23 787 (R 1506)
Regels met betrekking tot het gebruik van geweld door militairen in de uitoefening van de bewakings- en beveiligingstaak (Rijkswet geweldgebruik krijgsmacht in de uitoefening van de bewakings- en beveiligingstaak)

nr. 9
BRIEF VAN DE STAATSSECRETARIS VAN DEFENSIE

Aan de Voorzitter van de Tweede Kamer der Staten-Generaal

's-Gravenhage, 21 februari 1996

Bij de behandeling van het voorstel van «Rijkswet geweldsgebruik krijgsmacht in de uitoefening van de bewakings- en beveiligingstaak» in de Tweede Kamer, op 20 februari 1996, verzocht de Tweede Kamer voorafgaande aan de stemming over dit voorstel van rijkswet te worden geïnformeerd over de mogelijke inzet van particuliere beveiligingsorganisaties voor Defensie.

Mede namens de Minister van Defensie deel ik u mee dat geen particuliere beveiligingsorganisaties worden ingehuurd ten behoeve van bewakings- en beveiligingstaken waarbij moet worden voorzien in de mogelijkheid tot het gebruik van geweld door het bewakings- en beveiligingspersoneel.
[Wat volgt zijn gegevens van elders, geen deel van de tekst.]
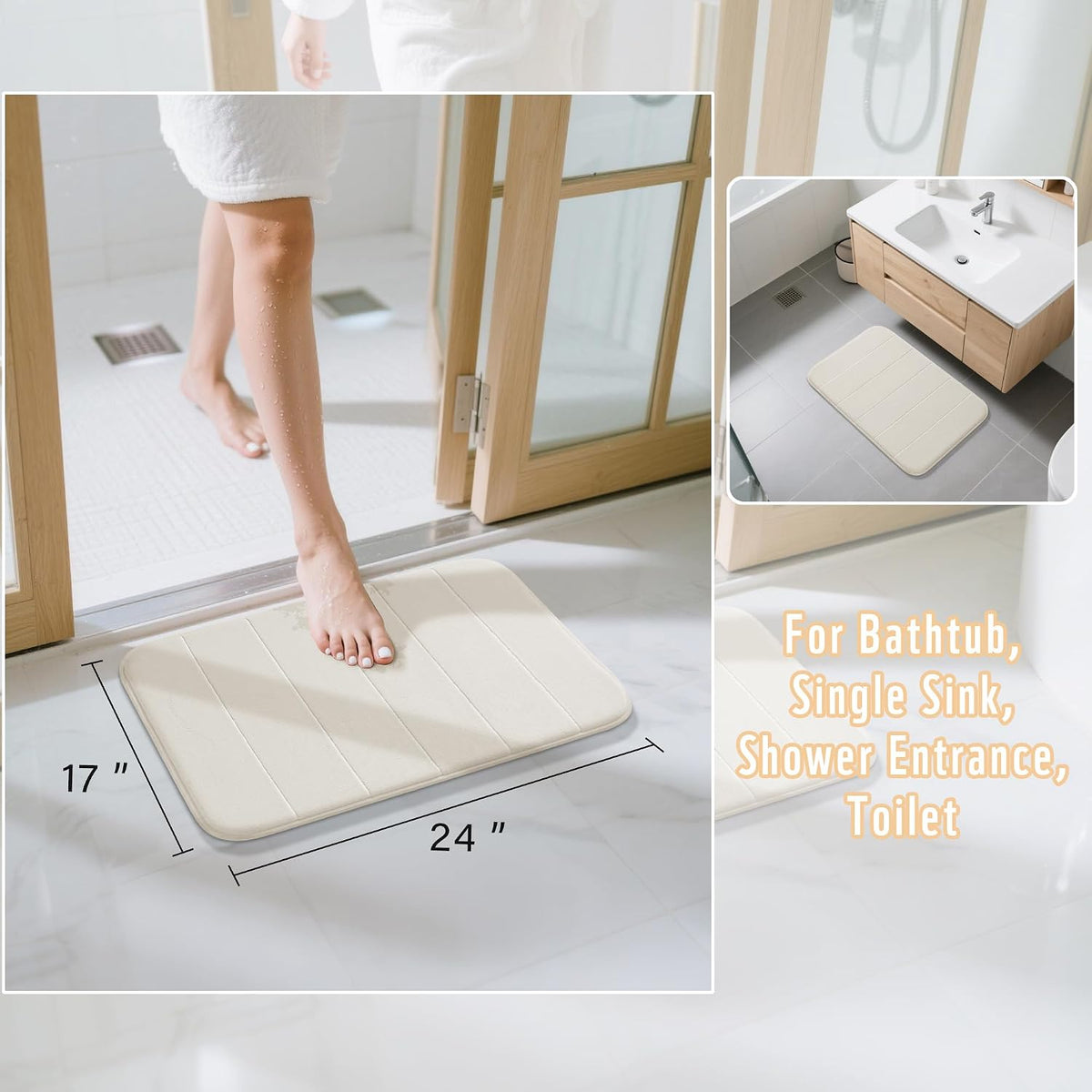 Yimobra Memory Foam Bath Mat, Super Soft Absorbent Bathroom Rug Non Slip, Quick Dry, Machine Washable Floor Carpet for Tub Shower, Home Decor Accessories, 24x17, Cream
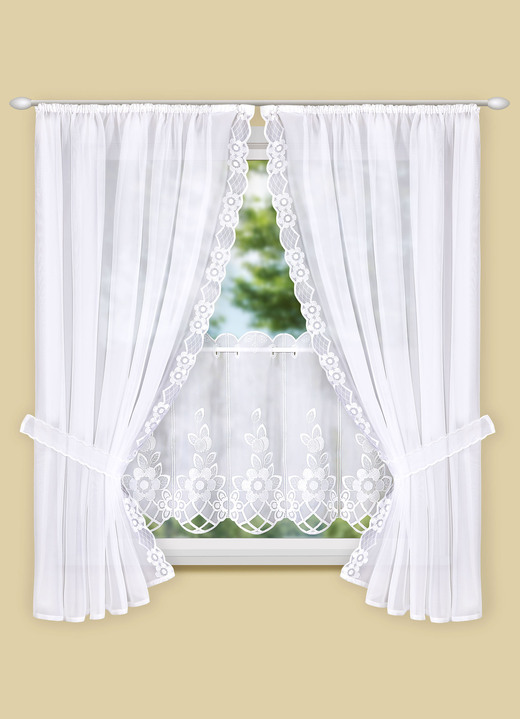 - Filigraner Kurzstore mit Stangendurchzug, in Größe 664 (Kurzstore, H30xB150 cm) bis 796 (Kurzstore, H45xB300 cm), in Farbe WEISS Ansicht 2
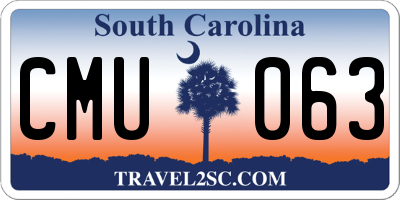 SC license plate CMU063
De inhuur van particuliere beveiligingsorganisaties geschiedt slechts voor lichte bewakings- en beveiligingstaken, en slechts op incidentele basis om piekbelasting te kunnen opvangen in de periode 1996–1998, zoals ik u eerder heb medegedeeld. Het gaat hierbij met name om toegangscontroles en andere portiers- en receptietaken, zoals bij voorbeeld ten behoeve van kantoorgebouwen. Dit particuliere bewakings- en beveiligingspersoneel heeft daarbij niet de beschikking over geweldsmiddelen zodat het gebruik van geweld, respectievelijk het beschikken over een bevoegdheid tot geweldsgebruik niet aan de orde is.